> Assignment
Look below for the line containing "studio proche paris"; from there through the line containing "Sua wears coat", both lines included, please set down each line exactly and nothing else.

> Data for this exercise
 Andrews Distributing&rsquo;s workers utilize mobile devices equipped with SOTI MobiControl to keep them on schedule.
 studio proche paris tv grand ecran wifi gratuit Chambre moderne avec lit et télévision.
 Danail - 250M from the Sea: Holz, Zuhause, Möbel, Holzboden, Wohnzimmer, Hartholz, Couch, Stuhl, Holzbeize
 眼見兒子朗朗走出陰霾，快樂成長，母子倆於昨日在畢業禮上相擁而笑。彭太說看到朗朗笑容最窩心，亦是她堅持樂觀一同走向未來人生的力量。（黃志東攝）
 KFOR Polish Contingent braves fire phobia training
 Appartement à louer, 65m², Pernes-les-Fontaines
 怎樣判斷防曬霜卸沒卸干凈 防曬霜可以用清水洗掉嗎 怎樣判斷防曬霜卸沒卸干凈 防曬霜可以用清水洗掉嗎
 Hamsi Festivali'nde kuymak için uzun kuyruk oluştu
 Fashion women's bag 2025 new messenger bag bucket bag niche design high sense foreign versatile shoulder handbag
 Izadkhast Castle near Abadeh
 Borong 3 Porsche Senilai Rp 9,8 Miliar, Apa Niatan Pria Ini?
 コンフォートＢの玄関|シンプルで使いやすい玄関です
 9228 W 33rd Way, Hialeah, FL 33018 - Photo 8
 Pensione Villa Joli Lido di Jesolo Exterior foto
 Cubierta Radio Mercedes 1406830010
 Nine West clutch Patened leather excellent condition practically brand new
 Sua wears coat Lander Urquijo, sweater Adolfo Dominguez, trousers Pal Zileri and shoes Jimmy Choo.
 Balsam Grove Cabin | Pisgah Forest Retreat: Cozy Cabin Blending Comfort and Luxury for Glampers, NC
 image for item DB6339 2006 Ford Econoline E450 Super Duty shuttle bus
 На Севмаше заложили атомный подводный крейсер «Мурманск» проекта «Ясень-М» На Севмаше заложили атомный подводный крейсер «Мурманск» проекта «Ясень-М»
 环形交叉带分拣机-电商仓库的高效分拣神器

> Exercise answer
 studio proche paris tv grand ecran wifi gratuit Chambre moderne avec lit et télévision.
 Danail - 250M from the Sea: Holz, Zuhause, Möbel, Holzboden, Wohnzimmer, Hartholz, Couch, Stuhl, Holzbeize
 眼見兒子朗朗走出陰霾，快樂成長，母子倆於昨日在畢業禮上相擁而笑。彭太說看到朗朗笑容最窩心，亦是她堅持樂觀一同走向未來人生的力量。（黃志東攝）
 KFOR Polish Contingent braves fire phobia training
 Appartement à louer, 65m², Pernes-les-Fontaines
 怎樣判斷防曬霜卸沒卸干凈 防曬霜可以用清水洗掉嗎 怎樣判斷防曬霜卸沒卸干凈 防曬霜可以用清水洗掉嗎
 Hamsi Festivali'nde kuymak için uzun kuyruk oluştu
 Fashion women's bag 2025 new messenger bag bucket bag niche design high sense foreign versatile shoulder handbag
 Izadkhast Castle near Abadeh
 Borong 3 Porsche Senilai Rp 9,8 Miliar, Apa Niatan Pria Ini?
 コンフォートＢの玄関|シンプルで使いやすい玄関です
 9228 W 33rd Way, Hialeah, FL 33018 - Photo 8
 Pensione Villa Joli Lido di Jesolo Exterior foto
 Cubierta Radio Mercedes 1406830010
 Nine West clutch Patened leather excellent condition practically brand new
 Sua wears coat Lander Urquijo, sweater Adolfo Dominguez, trousers Pal Zileri and shoes Jimmy Choo.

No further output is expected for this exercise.